Items listed in a dataset:
= = =
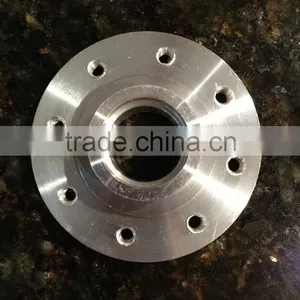 Aluminum Hubs thumbnail-1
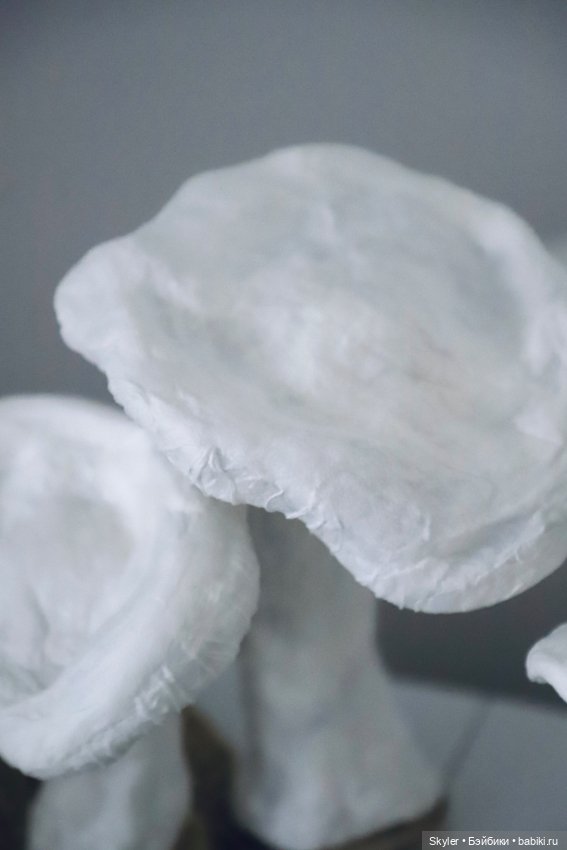 МОНОХРОМ — Экшн (фото 9)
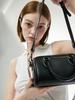 Atelierpark Birdie Bag_Black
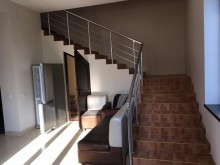 şüvəlanda bağ evi 600.000 azn, -18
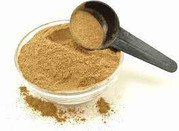 MY GOD GIFT Brahmi Powder | Bacopa Monnieri | 100% Pure & Natural Ayurvedic Herb | Traditional Brain & Wellness Support &ndash; Pack of 2 (400grams)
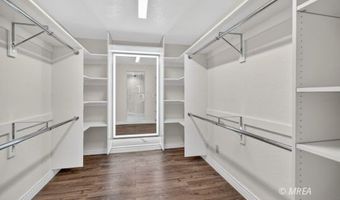375 S First W St, Bunkerville, NV 89007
= = =
What to produce: Find the line containing "MY GOD GIFT" in the records above, then copy it and every line after it exactly, through the last one, without any pictures.

Expected answer:
 MY GOD GIFT Brahmi Powder | Bacopa Monnieri | 100% Pure & Natural Ayurvedic Herb | Traditional Brain & Wellness Support &ndash; Pack of 2 (400grams)
375 S First W St, Bunkerville, NV 89007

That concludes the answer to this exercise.